If there's a less than 0.5% change in bleeding, and the numbers are similar, there is no statistically significant difference between them, and the p value is greater than 0.05. We can only say there's no difference because the p value is higher than 0.05. If it was smaller, it would mean that the numbers were different and was statistically significant. In the noninferiority study, because you powered it to detect such a small difference and did not find it, the result is important, but because the values are not different than one another the p value is still going to be over 0.05.

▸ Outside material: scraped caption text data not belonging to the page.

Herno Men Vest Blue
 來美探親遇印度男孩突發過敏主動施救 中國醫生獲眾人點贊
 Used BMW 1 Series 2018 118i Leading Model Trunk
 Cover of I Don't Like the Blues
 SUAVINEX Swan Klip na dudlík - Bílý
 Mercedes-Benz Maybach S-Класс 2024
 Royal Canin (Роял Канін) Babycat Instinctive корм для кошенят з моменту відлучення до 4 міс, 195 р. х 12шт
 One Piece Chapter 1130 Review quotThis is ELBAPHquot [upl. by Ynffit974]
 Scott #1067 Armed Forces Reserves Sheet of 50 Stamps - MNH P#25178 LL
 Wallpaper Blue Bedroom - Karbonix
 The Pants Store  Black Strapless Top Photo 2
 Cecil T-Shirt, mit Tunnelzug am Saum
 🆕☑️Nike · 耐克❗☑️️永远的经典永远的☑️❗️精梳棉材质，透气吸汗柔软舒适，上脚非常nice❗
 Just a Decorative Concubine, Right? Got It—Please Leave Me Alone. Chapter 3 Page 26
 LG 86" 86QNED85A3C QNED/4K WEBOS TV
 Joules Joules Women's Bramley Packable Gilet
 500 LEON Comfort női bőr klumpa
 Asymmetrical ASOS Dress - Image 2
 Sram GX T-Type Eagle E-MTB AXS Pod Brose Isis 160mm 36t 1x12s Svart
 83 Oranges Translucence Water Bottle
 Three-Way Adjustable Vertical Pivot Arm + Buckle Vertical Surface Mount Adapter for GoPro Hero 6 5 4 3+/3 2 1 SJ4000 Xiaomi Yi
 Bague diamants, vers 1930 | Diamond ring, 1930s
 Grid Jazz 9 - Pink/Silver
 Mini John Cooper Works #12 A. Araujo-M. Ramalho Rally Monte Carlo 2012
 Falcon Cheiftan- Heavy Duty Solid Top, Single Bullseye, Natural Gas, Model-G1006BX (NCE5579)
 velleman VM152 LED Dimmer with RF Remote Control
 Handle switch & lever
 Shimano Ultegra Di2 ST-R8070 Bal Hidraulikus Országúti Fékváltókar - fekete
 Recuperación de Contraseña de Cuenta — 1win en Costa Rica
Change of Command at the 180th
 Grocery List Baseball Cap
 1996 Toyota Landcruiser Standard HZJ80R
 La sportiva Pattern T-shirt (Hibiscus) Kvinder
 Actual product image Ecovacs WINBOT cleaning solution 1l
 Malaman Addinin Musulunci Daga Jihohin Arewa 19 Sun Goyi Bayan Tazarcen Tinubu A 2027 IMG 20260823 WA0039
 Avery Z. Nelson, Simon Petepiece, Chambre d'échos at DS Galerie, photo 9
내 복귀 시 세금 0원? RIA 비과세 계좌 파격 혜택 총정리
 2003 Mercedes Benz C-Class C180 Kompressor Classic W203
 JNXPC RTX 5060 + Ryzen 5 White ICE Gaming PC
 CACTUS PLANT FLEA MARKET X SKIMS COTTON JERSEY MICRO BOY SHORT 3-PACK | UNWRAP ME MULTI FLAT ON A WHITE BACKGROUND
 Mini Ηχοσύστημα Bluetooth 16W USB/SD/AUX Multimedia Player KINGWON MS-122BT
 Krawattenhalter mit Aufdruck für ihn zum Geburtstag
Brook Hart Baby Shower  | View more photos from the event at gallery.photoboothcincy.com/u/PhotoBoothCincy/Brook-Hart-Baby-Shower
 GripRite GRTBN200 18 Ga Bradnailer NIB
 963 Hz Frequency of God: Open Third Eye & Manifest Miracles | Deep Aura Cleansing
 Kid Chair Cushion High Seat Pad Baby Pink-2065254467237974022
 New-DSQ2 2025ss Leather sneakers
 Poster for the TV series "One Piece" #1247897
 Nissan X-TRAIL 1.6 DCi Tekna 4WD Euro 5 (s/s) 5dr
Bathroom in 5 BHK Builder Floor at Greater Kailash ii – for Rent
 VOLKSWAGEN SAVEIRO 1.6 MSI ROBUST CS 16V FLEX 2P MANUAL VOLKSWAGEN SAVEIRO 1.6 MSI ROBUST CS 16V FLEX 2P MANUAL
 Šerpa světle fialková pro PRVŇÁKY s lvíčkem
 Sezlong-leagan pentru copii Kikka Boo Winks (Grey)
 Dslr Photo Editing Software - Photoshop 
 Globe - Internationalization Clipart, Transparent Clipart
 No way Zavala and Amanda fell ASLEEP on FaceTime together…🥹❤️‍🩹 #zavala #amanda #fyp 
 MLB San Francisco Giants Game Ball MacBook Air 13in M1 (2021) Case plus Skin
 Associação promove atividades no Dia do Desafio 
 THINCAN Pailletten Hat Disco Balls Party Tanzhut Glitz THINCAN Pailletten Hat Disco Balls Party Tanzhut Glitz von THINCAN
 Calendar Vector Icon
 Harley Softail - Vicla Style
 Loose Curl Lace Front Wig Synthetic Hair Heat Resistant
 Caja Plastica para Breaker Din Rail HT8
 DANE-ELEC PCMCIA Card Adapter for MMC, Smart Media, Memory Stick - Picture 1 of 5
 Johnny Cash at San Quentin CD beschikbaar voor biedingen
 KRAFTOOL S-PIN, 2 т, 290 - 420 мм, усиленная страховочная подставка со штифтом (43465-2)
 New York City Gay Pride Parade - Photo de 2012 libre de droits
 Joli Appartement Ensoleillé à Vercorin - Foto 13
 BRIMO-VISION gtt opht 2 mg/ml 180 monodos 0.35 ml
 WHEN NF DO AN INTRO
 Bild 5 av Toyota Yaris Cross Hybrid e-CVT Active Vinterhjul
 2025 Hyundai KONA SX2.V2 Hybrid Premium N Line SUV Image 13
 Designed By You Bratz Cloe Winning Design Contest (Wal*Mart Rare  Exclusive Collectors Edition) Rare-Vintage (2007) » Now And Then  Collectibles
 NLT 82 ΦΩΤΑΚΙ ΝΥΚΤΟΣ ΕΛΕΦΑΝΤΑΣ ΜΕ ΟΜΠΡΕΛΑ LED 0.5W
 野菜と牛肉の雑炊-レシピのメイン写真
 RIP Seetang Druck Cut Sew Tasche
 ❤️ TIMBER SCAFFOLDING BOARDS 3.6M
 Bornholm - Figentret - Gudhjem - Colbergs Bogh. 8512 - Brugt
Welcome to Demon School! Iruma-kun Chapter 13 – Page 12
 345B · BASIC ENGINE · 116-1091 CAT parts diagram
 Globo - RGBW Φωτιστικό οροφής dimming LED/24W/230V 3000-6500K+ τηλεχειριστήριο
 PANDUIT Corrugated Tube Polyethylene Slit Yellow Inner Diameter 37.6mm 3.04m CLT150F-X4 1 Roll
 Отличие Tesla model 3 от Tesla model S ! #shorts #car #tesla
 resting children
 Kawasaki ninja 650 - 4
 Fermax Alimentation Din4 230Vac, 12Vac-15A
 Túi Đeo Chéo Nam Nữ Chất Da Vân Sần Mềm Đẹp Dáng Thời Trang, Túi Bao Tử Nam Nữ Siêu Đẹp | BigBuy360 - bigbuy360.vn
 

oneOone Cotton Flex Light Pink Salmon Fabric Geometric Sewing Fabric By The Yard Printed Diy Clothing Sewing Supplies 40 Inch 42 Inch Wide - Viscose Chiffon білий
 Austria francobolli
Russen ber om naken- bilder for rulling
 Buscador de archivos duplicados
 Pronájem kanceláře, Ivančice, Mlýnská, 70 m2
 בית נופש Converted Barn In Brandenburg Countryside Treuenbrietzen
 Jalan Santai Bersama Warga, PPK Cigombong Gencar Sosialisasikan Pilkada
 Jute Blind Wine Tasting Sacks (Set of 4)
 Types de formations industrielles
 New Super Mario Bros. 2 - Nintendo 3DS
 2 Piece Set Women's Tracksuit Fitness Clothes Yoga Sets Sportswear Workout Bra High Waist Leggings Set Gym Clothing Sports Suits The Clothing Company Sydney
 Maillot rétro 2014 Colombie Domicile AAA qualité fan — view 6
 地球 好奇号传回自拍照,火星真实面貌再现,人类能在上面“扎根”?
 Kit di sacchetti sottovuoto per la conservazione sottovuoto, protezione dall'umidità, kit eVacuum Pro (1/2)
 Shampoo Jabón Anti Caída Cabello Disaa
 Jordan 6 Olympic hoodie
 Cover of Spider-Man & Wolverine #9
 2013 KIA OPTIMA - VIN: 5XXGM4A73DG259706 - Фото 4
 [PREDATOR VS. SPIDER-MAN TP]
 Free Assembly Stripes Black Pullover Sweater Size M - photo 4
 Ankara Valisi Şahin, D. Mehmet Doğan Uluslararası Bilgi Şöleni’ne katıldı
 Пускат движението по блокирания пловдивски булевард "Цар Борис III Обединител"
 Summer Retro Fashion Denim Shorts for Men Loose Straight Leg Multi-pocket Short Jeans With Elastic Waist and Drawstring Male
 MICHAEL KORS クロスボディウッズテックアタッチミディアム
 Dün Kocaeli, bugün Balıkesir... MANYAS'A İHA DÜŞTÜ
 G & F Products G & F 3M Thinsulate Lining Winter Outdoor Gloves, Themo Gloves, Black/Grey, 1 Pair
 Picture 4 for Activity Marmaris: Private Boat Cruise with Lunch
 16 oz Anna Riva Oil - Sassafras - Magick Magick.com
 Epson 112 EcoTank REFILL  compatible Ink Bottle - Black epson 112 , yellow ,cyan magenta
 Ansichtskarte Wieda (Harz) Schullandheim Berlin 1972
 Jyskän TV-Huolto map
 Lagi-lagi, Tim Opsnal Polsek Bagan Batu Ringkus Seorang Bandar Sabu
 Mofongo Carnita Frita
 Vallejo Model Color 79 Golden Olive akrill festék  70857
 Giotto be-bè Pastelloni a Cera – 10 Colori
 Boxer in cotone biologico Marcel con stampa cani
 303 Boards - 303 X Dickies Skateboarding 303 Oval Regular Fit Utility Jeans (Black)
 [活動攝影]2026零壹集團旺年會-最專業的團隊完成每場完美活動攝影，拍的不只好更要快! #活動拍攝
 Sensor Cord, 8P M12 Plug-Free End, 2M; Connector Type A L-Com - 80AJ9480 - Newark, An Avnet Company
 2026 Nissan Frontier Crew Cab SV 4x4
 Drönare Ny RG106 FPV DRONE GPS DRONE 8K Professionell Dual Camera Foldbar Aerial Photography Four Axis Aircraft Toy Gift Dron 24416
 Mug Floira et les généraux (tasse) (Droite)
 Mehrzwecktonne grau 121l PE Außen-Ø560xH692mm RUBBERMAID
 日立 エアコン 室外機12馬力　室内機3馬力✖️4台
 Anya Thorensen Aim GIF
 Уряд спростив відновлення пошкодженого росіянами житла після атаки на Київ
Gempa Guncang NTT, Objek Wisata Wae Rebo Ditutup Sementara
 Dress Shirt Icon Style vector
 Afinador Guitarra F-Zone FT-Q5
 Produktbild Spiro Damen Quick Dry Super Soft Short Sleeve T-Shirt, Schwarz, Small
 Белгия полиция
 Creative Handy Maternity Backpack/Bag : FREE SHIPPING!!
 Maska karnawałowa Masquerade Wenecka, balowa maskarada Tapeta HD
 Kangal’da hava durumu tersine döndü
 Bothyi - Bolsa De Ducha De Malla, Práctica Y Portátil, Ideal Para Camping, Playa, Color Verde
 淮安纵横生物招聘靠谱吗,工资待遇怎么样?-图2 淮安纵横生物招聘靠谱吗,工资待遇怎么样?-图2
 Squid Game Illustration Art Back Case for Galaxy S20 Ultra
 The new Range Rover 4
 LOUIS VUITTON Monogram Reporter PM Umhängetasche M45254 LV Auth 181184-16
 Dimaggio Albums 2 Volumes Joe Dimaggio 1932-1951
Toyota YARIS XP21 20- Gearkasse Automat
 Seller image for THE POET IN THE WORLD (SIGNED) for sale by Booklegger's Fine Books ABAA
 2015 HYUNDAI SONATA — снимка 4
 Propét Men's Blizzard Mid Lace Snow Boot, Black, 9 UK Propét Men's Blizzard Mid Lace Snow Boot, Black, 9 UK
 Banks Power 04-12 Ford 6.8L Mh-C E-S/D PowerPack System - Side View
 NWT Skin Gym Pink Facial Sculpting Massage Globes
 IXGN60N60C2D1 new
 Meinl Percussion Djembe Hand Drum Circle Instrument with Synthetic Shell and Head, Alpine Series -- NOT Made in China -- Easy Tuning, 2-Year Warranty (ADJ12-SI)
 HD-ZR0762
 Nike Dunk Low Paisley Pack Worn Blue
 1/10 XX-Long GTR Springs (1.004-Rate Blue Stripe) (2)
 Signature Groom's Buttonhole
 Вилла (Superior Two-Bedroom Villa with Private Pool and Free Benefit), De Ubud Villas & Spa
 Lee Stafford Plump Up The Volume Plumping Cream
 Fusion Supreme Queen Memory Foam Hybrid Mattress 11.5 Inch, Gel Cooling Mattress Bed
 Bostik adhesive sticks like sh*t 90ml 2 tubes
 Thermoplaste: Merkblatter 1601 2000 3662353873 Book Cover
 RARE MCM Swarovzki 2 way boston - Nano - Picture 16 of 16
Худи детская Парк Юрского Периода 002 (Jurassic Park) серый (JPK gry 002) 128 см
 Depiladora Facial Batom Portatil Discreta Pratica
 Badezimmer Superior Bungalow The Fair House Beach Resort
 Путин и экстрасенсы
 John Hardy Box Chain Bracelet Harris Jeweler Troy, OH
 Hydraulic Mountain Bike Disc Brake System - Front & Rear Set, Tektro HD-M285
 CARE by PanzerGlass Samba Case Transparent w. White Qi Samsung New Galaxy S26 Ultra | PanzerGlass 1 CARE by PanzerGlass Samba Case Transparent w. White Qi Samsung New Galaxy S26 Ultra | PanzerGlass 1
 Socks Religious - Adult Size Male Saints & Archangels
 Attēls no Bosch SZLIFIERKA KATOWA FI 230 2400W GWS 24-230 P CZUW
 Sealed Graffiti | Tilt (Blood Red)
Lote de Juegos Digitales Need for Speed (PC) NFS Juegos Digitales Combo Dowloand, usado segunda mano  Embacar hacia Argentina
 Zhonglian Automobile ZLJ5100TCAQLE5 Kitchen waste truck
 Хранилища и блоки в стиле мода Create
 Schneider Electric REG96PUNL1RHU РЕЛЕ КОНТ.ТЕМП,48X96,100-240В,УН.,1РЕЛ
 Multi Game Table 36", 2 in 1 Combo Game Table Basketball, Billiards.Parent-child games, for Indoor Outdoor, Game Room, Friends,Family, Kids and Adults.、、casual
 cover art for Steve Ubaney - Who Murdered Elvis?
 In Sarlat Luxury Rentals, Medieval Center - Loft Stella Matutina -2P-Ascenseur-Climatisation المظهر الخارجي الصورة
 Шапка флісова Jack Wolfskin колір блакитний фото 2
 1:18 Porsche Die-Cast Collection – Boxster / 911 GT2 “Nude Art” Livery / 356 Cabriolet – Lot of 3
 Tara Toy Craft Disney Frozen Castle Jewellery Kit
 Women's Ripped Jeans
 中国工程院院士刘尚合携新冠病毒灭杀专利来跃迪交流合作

So to answer your core question: "can you ever find no association and have THAT finding be statistically significant" -- the answer to your question in the context that you are asking it is no. If you find no association it can be an important finding, but the p value will be over 0.05. If you find no difference between the two numbers it was either because the study was underpowered to see a small difference between the two numbers and you missed it, the study design was poor, or if the study design was good and adequately powered for your question there just is no statistically significant difference between the two numbers.

Gotcha. So the "non inferiority" part just applies to to how you power it, and not the alpha error or the p-value per se?